Röportajlar
Ağustos 27, 2025

Hukuk Bürolarında Hizmet Kalitesi Sadece Tecrübe ile mi Ölçülür?

Bilge Uğur
Röportajlar

Hukuk Bürolarında Hizmet Kalitesi Sadece Tecrübe ile mi Ölçülür?

Hukuk bürolarında hizmet kalitesi denince çoğu zaman akla gelen ilk şey, avukatın deneyimi ve bilgisi oluyor. Oysa günümüz müvekkilleri sadece iyi temsil edilmeyi değil, aynı zamanda zamanında bilgilendirme, düzenli iletişim, şeffaf süreç yönetimi ve erişilebilir veri gibi unsurları da hizmetin doğal bir parçası olarak görüyor.

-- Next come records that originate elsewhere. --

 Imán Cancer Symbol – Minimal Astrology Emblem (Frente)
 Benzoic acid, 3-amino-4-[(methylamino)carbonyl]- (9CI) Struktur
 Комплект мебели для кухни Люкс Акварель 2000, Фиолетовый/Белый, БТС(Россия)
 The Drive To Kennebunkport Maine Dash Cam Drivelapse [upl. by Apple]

Peki bir hukuk bürosu bu beklentileri sistematik bir şekilde karşılamak için ne yapmalı? Kalite sadece kişisel gayretle sürdürülebilir mi, yoksa kurum genelinde bir yapıya mı ihtiyaç var?

Bu soruların peşine düşerek, hizmet kalitesini artırmak için somut adımlar atan hukuk bürolarıyla konuşuyoruz. Bu bölümde konuğumuz, süreçlerini belgelendirerek ISO 9001:2015 Kalite Yönetim Sistemi’ni bürosunda uygulamaya başlayan Kapital Legal kurucu ortağı Avukat Harun Ümit Eren. Hem bu süreçte neler yaşadıklarını hem de kaliteyi artırmak isteyen bürolar için nelerin mümkün olduğunu konuşacağız.

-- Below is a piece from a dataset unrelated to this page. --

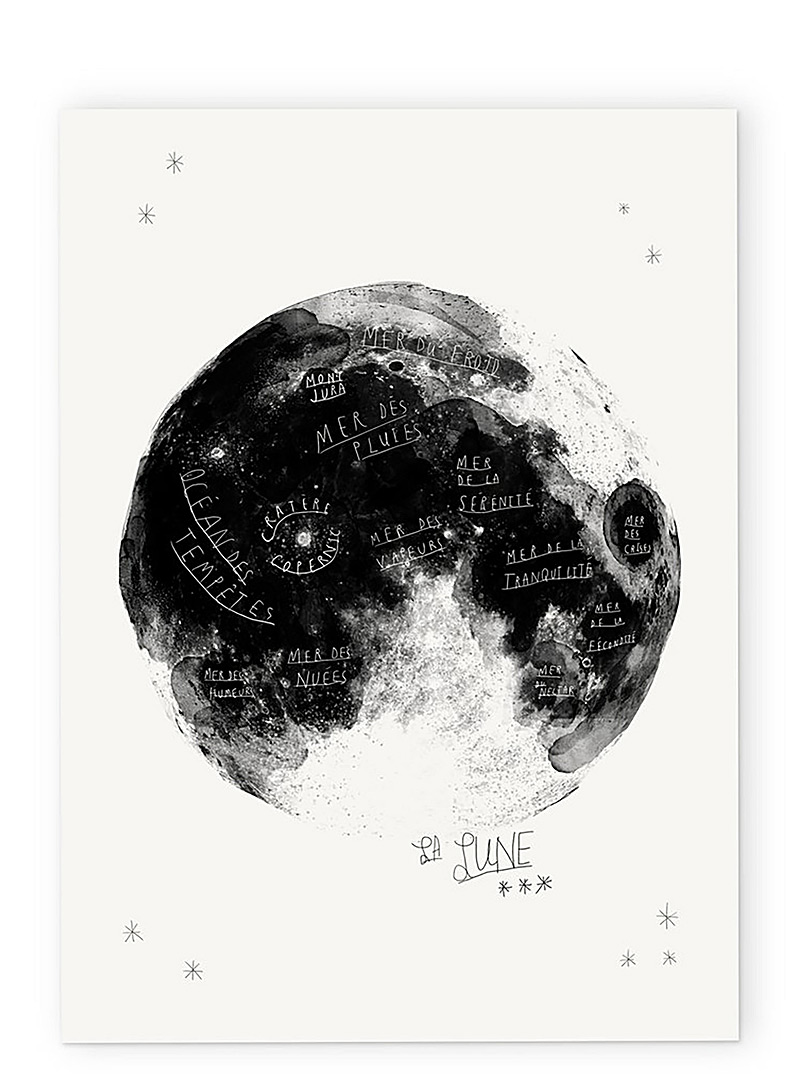 Baltic Club White La lune art print 2 sizes available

GÜNCE: Hizmet Kalitesi Neden Gündeminizde?

Hizmet kalitesi gündemimizde, çünkü biz hukukun sadece kanun maddelerinden, sözleşmelerden veya duruşma salonlarından ibaret olmadığına inanıyoruz. Hukuk, temelinde insan ve kurumlar için bir güven hizmetidir. Bu güveni inşa etmenin yolu ise sadece hukuki uzmanlıktan değil, o uzmanlığın nasıl sunulduğundan geçiyor. Aslında birçok hizmet sektöründe sonuç kadar süreç de önemlidir. Hukukta da farklı değil aslında müvekkilin memnuniyeti biraz da deneyimi ile ilgilidir. Yanlış bir deneyim tasarımı sonucunda başarılı bir sonuç alınsa dahi müvekkil memnun olmayacak veya doğru deneyim tasarımı ile başarısız bir sonuçta size teşekkür edecek. Bu nedenle kaliteyi sektörümüzde vazgeçilmez bir kavram olarak benimsemeli, iş süreçlerimizi belirlemeli onları standardize etmeli ve sonuçta iyileştirmeliyiz. Eğer kurum kültürümüzü bu döngü üzerine inşa etmeyi başarabilirsek başarının gelmemesi ancak istisna olur. 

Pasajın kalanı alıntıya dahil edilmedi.